Turkey’s President Recep Tayyip Erdogan issued a ‘midnight decree’ in March seeking to withdraw Turkey from the Council of Europe’s Convention on Preventing and Combating Violence against Women and Domestic Violence, better known as the Istanbul Convention.
Being the first country to sign the agreement, Turkey has officially withdrawn from the Convention as of 1 July. Whilst several women’s and LGBTI+ organisations announced that they would take to the streets throughout the country to protest against the withdrawal today, women in Istanbul issued an appeal to meet this evening in Tunel Street, close to the historical Istıklal Street which has traditionally been a public protesting venue for years.
“Turkey has set the clock back ten years on women’s rights,” said Agnès Callamard, Amnesty International’s Secretary General today, in response to today’s withdrawal from the Convention, which comes despite massive mobilisation by women and LGBTI+ people across Turkey and around the world.

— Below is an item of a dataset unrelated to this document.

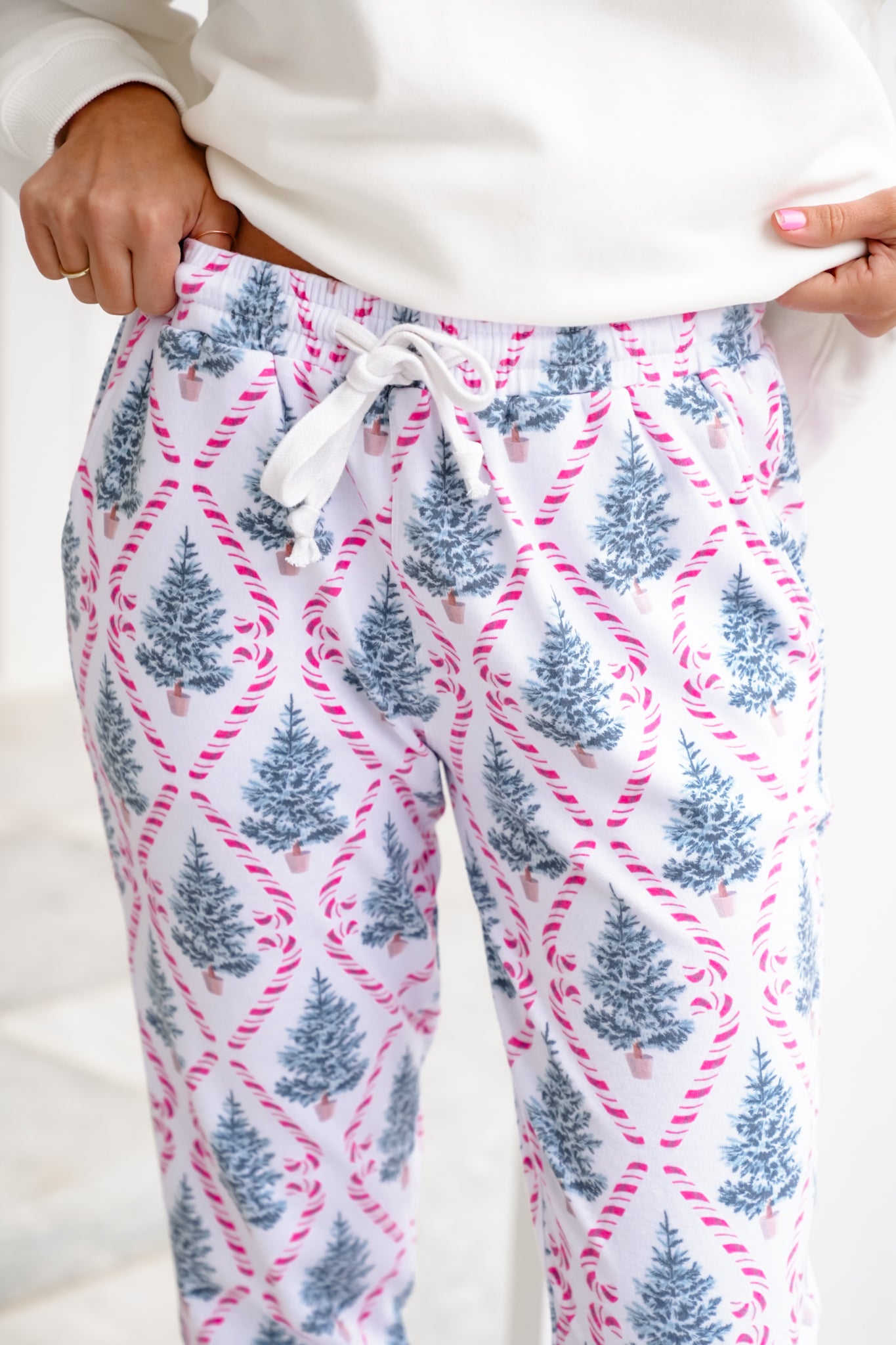 Plus/Reg Candy Cane Lane Print Elastic Waist Joggers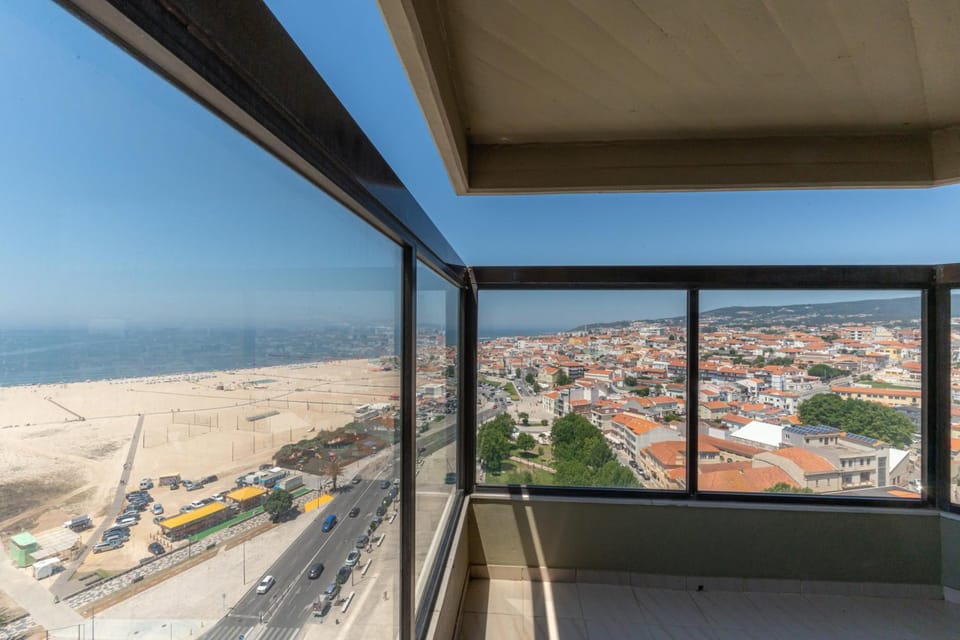 Natural landscape, View (from property/room), Balcony/Terrace, Beach, City view, Sea view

Even as this decision has aroused controversy, Turkey’s government and leading authorities have strictly defended their stance. Communications Director Fahrettin Altun has supported the view that the Istanbul Convention has been used as a tool to “normalise homosexuality.”
The Convention, he said, “was hijacked by a group of people attempting to normalise homosexuality – which is incompatible with Turkey’s social and family values. Hence the decision to withdraw.”
International bodies and world leaders, including Joe Biden and Ursula von der Leyen, have roundly condemned the decision.
As the US President described the decision as “deeply disappointing,” he said this was “a disheartening step backwards for the international movement to end violence against women globally.”
Calling it a “terrible signal,” the European Commission President also shared her deep concerns about the withdrawal.
The German Federal Minister for Foreign Affairs, Heiko Maas, the Chair of the Council of Europe’s Committee of Ministers, and the President of the Council of Europe’s Parliamentary Assembly, Rik Daems and the Secretary General of the Council of Europe, Marija Pejčinović Burić also said in a joint statement that the withdrawal “would deprive Turkey and Turkish women of a vital tool to counter violence.”
The Chilean feminist collective Las Tesis activists in March also shared a solidarity message with the women and the LGBTI+ of Turkey who took to the streets protesting against the withdrawal. This, they said, “is a reminder of how important and effective it is to struggle globally for our rights.”